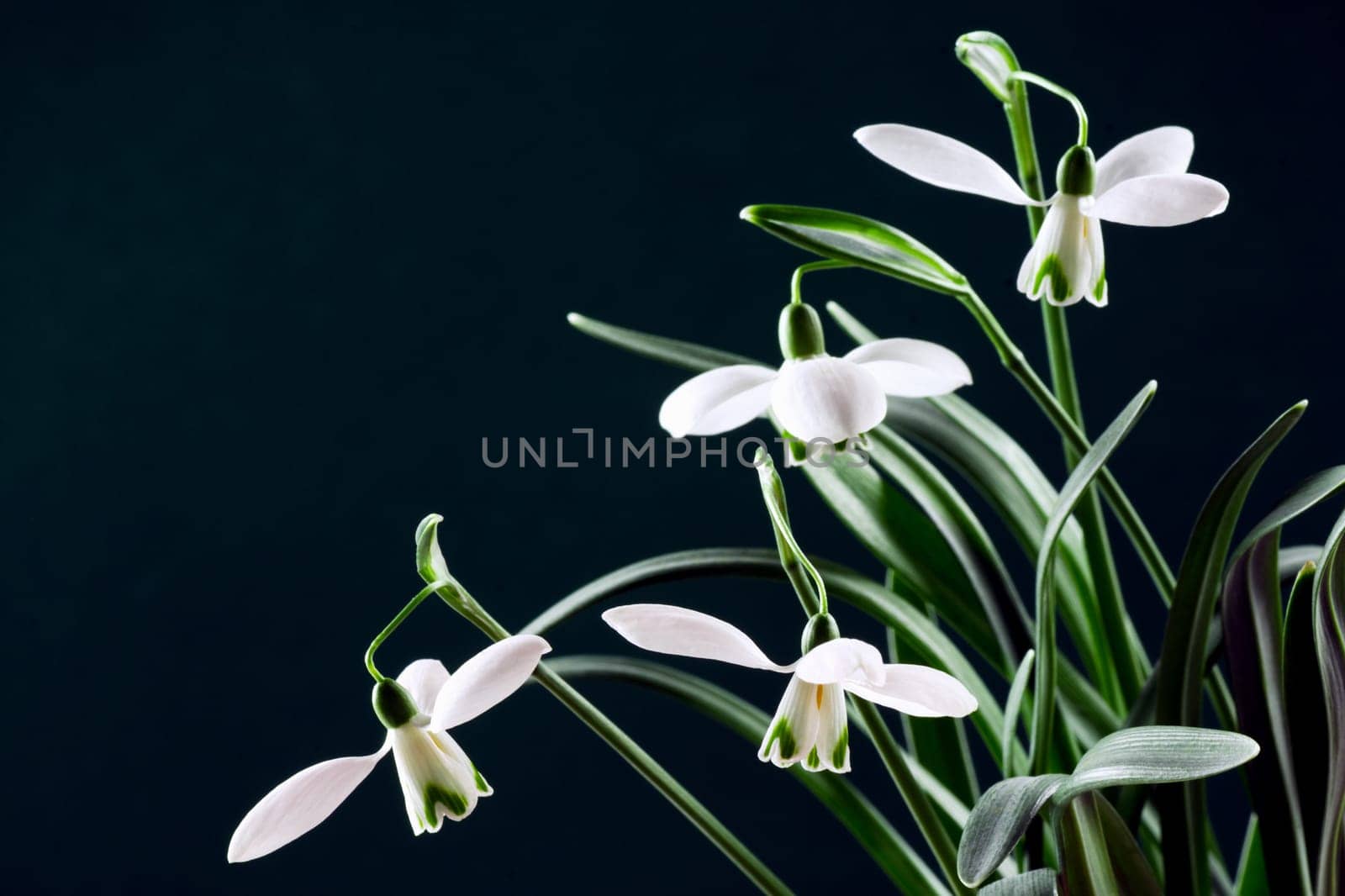 Beautiful snowdrop flower is on dark background.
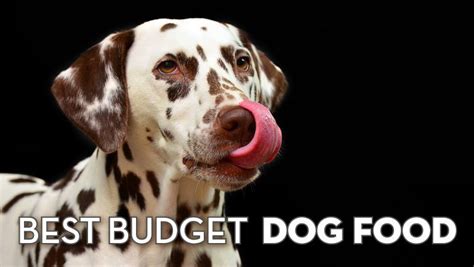 budget dog food picks cheap  quality dog food herepup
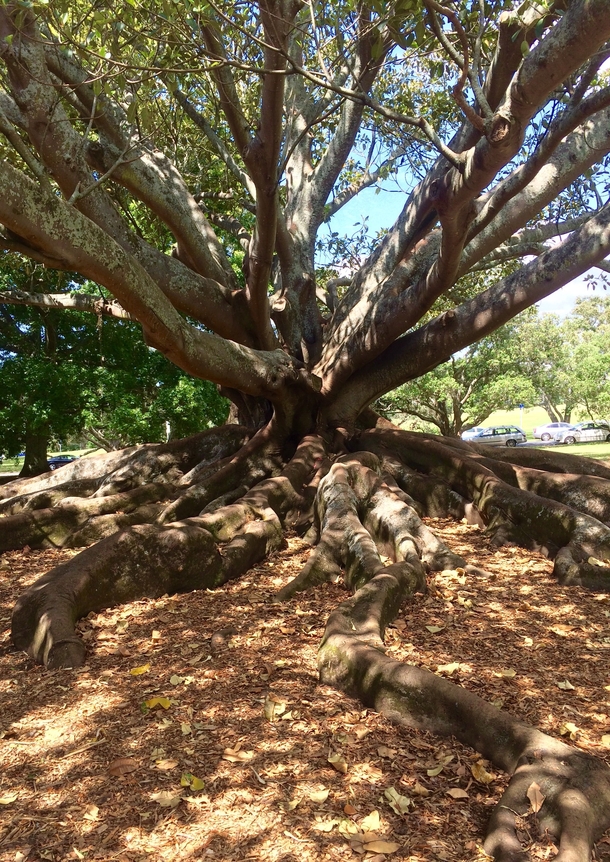 A wise old tree where the roots mirror the branches Auckland New Zealand x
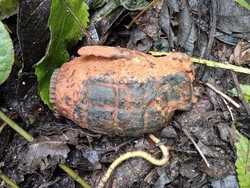 Saat Pria Mamasa Bawa Granat Nanas ke Rumah gegara Dikira Cokelat Kering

+ + + +

Reproduce every line above exactly, pictures excluded.

 Beautiful snowdrop flower is on dark background.
 budget dog food picks cheap  quality dog food herepup
 A wise old tree where the roots mirror the branches Auckland New Zealand x
 Saat Pria Mamasa Bawa Granat Nanas ke Rumah gegara Dikira Cokelat Kering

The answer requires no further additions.